Taking a New Year's fitness program very seriously
There is a general assumption every January that the whole world - as you and I and Ed Meese know it - has been gorging on rich food since Thanksgiving Day. Never does a new diet or exercise plan hit a softer market, in every sense of the word ''soft.''
With our guilt and New Year's resolutions working for them, the magazine editors of America spread promises over their January covers. Here is a sampling: ''How to Solve Your Body Problem''; ''Diet and Exercise Blitz''; ''Total Body Makeover''; ''Lose 35 pounds on Dolly's Diet'' - and if you happen to be one of the well-fed doubters, just look at the adjoining picture of the newly pert Parton .

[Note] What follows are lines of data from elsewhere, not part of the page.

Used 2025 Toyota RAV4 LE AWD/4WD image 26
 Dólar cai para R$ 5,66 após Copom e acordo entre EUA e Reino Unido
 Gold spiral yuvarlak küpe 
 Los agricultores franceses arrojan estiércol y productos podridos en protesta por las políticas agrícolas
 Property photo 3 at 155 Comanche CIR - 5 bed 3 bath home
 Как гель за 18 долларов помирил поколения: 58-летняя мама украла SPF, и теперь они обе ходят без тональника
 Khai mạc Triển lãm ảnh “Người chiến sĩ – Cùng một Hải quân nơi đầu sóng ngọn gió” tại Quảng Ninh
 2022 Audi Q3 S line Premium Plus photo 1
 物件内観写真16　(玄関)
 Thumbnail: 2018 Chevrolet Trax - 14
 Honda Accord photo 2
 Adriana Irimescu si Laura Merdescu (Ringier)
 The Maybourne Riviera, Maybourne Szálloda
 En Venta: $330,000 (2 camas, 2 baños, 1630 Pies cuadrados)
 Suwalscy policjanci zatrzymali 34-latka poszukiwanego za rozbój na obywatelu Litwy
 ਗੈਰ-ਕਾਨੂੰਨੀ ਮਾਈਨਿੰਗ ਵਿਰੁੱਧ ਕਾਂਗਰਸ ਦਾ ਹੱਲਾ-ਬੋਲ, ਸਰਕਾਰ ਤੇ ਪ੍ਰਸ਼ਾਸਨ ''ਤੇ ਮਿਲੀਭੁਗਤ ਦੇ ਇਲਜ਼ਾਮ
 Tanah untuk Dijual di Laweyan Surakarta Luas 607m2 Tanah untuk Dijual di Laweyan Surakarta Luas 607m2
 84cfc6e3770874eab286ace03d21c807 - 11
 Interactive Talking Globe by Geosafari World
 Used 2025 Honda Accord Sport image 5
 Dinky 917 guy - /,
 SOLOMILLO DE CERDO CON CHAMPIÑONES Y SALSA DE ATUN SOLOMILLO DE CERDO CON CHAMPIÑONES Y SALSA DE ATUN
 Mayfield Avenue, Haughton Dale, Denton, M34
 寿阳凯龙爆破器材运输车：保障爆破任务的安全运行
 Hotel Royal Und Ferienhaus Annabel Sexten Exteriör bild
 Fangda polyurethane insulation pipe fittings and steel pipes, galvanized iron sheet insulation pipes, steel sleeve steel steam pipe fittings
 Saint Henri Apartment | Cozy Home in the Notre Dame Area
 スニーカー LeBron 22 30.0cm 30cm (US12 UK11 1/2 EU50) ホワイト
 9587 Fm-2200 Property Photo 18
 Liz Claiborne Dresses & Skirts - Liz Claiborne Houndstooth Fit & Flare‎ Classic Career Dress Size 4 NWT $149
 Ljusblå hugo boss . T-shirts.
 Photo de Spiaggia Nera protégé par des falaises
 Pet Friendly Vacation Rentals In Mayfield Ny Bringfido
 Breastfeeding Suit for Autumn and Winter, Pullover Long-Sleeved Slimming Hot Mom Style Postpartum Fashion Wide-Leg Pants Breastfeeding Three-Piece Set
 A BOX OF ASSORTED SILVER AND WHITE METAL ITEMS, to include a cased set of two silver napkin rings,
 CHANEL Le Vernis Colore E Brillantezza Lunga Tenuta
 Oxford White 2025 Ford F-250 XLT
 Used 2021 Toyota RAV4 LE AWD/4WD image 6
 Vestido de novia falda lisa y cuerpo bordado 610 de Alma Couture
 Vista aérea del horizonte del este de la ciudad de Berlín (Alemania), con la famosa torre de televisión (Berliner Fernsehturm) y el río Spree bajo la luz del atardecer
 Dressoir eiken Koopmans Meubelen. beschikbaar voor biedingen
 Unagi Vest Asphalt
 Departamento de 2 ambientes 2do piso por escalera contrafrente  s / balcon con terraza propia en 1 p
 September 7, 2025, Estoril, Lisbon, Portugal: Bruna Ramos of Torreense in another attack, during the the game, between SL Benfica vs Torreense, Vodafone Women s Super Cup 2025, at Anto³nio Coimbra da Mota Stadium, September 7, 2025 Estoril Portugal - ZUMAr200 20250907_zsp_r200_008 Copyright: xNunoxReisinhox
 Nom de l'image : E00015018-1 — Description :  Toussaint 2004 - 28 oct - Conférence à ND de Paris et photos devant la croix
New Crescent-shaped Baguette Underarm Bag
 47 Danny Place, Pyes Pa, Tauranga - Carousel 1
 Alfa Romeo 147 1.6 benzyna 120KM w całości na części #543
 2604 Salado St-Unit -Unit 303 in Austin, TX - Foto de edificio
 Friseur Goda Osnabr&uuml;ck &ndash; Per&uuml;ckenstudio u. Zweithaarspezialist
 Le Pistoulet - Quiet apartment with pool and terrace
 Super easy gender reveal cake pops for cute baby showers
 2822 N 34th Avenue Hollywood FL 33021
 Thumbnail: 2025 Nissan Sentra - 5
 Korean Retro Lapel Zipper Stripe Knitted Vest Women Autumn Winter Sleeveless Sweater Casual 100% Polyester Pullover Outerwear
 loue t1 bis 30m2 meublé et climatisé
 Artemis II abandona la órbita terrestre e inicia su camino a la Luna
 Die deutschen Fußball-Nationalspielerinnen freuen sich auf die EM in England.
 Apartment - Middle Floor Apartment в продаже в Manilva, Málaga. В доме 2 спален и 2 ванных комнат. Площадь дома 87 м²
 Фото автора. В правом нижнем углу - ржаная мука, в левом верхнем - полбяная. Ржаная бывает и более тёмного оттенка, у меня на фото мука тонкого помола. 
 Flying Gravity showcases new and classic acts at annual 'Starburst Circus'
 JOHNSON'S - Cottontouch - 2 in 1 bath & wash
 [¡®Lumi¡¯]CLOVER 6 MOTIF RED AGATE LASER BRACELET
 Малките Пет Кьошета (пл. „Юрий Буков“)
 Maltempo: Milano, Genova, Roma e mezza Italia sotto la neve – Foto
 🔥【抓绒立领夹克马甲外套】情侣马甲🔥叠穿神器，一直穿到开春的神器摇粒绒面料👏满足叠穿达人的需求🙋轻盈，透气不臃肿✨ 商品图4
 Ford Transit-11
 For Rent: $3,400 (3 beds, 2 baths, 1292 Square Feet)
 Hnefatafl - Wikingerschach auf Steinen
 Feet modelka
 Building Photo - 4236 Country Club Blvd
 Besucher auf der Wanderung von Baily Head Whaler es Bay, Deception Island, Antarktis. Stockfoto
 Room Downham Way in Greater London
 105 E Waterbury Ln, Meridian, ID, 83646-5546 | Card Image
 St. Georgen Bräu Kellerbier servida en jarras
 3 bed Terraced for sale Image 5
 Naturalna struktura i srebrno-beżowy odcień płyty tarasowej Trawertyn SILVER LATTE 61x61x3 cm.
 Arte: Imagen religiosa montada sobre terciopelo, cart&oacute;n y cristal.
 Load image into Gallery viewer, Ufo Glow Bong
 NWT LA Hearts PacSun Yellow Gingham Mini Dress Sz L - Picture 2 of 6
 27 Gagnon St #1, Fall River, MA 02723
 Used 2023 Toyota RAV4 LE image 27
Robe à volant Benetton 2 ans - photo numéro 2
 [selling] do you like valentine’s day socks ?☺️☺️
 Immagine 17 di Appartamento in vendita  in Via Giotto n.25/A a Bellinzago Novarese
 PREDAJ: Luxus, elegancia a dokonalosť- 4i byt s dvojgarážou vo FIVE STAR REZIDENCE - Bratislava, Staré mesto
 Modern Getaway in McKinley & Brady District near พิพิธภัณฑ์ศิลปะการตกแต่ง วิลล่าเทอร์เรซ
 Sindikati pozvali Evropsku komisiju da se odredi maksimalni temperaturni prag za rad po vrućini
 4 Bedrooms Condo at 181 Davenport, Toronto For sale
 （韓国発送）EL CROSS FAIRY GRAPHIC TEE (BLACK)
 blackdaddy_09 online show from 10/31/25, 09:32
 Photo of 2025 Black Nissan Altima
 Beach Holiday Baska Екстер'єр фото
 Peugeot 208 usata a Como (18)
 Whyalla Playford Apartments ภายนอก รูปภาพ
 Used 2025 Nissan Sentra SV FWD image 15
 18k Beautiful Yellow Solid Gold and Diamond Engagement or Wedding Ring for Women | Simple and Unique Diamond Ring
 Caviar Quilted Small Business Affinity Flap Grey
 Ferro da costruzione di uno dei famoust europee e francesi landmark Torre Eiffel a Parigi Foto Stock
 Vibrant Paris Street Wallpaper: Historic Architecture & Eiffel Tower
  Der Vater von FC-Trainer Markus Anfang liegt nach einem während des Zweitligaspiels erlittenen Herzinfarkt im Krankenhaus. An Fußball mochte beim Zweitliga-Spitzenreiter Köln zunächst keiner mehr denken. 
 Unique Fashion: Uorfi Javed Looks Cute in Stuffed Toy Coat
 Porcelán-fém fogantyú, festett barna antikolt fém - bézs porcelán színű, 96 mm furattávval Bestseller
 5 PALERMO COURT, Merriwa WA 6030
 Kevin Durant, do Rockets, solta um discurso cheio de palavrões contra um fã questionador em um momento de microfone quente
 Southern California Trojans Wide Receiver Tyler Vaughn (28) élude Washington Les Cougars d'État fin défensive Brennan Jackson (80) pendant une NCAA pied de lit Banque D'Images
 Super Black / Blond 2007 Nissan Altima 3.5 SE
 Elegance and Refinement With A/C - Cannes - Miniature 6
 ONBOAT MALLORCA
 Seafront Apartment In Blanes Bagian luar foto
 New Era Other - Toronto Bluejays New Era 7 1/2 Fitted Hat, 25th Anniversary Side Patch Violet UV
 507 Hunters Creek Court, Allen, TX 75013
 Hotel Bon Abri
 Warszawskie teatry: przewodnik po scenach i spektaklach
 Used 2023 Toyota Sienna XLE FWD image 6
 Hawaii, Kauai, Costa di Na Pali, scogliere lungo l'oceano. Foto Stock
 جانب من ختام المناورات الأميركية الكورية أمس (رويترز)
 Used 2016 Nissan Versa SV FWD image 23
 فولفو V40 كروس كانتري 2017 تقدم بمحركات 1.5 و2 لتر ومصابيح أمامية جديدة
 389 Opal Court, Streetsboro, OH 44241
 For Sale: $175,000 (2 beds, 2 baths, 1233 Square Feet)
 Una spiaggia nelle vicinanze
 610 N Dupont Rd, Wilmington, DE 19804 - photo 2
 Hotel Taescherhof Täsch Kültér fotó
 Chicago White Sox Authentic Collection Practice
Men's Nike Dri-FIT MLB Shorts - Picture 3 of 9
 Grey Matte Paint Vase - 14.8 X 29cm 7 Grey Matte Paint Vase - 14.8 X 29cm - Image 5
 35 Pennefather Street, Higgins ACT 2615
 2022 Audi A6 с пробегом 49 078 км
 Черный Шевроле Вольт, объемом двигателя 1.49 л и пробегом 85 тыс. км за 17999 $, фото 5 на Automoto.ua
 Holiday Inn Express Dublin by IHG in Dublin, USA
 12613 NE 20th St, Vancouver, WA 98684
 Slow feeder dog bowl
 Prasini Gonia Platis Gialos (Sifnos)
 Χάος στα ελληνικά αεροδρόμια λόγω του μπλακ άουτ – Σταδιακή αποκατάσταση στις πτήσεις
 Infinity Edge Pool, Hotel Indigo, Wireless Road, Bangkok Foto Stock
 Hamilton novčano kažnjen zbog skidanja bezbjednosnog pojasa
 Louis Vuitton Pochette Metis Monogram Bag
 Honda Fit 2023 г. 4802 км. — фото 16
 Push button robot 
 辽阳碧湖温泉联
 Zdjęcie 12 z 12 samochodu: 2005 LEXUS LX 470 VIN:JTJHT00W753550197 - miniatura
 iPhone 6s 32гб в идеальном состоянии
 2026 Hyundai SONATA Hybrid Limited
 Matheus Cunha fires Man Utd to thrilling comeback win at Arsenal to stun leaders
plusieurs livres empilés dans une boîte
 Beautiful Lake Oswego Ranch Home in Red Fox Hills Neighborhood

Has anybody noticed how thin, how extra-relentless Richard Simmons looms in January? Peering into our downcast eyes, he and his fellow health bullies of TV seem to take special post-holiday delight in reminding us, in the tone of Old Testament prophets, how we've desecrated the temples that allegedly are our bodies.
All well and good, we suppose, as we thoughtfully polish off the last remnant of plum pudding. But - not to get carried away by the metaphor - it is curious how indignant people become about the ''junk'' food, the ''poison,'' their stomachs ingest while paying next to no attention to the ''junk'' food, the ''poison,'' ingested by their minds and hearts.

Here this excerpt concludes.